ELYRIA — City Council adopted the Cascade Park Redevelopment Plan, a 25-year master plan for the city’s first major park, on the same night that Mayor Bill Grace announced he is ready to accept it may be time to consider giving the park to another entity to operate.

Up until Tuesday, Grace had publicly denounced the idea of giving Cascade Park to someone else — the Lorain County Metro Parks being the most popular choice in the community. However, he now seems to be softening to the idea.

“It’s time for serious discussion about the future of the park,” he said. “Cascade Park needs millions, if not tens of millions, in improvement, and unless we are ready to start committing to that kind of investment, we need to seriously discuss turning the park over to another entity.”

Going to the taxpayers for money for the park does not seem a likely solution because repeated ballot initiatives in recent years have failed, he said.

“I’m disappointed we have not been able to rally the community support needed to preserve the park,” Grace said.

Grace stopped short of calling for a public meeting to discuss the future of Cascade Park, and Council members had little to say about the idea.

Councilman Larry Tanner, D-1st Ward, was the only Council member to offer an opinion and in doing so championed Grace for finally admitting the city can no longer adequately operate Cascade Park.

“You are 100 percent right,” Tanner said. “The Metro Parks is who we should turn Cascade Park over to, and I will do whatever it takes to make it possible.”

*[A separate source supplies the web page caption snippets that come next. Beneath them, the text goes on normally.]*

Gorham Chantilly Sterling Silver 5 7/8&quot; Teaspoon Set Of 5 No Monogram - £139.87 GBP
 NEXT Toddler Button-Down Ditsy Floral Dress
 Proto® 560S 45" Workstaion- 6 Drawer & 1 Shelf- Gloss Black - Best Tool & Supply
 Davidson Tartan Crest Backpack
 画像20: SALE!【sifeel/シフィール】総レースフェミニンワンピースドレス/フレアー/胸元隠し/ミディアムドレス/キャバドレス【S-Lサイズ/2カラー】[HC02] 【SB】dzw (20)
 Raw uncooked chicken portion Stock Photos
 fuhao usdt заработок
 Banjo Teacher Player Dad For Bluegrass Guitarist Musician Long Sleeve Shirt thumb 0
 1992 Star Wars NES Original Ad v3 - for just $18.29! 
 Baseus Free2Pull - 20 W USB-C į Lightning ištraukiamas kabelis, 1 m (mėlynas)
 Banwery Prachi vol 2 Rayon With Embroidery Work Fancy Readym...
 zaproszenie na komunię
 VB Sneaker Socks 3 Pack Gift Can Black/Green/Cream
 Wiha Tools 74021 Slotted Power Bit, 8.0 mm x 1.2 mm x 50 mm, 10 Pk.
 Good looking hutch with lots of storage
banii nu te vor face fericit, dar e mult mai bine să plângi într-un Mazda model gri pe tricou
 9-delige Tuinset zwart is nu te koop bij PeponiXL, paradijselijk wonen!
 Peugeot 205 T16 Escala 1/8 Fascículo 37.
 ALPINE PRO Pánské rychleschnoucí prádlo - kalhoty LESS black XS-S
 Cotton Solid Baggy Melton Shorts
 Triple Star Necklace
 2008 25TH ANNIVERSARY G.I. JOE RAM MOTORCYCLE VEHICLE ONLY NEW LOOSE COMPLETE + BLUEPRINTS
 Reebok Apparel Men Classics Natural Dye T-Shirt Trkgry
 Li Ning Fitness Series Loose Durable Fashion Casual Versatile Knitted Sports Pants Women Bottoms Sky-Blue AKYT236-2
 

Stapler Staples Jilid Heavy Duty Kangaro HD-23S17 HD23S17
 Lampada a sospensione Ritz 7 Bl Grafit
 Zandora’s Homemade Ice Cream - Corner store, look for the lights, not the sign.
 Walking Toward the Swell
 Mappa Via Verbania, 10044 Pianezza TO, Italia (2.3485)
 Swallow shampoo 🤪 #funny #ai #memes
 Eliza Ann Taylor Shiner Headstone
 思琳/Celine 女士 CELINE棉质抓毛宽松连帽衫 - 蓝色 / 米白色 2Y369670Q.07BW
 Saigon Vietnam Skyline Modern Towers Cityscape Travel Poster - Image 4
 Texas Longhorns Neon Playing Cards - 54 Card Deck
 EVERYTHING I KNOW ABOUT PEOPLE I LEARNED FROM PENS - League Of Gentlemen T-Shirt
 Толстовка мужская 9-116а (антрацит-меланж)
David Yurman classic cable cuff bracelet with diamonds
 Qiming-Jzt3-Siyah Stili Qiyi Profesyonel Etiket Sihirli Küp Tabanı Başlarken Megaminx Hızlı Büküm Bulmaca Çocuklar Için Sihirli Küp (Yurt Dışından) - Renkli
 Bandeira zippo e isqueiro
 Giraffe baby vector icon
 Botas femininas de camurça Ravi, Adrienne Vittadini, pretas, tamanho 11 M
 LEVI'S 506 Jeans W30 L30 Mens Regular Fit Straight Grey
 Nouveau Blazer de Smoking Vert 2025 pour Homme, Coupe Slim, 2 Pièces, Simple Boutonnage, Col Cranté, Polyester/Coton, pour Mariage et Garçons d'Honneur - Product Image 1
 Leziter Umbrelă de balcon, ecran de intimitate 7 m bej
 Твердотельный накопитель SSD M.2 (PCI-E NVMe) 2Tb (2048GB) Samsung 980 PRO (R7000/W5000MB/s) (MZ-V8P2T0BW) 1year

Tanner said Elyrians are dreaming if they think the city has $30 million to $40 million to invest in Cascade Park.

Talks about Cascade did not stop Council from accepting the donation of three parcels of land from longtime Elyrian Jack Smith for the creation of the Black River Audubon Park on West Bridge Street. The park would be just over an acre, but with its close proximity to the Black River, Smith hopes parkgoers will see it as a perfect place to sit and appreciate nature.

By accepting the property, the city agrees to Smith’s terms — that he name he requested for the park be used and the second requiring that if the city chooses not to develop a park, the land returns to his estate.

Community Development Director Angie Byington said the city’s Parks Board, which provides recommendations for the city’s park system, still has to meet to discuss what should be done with the park and maintenance plans.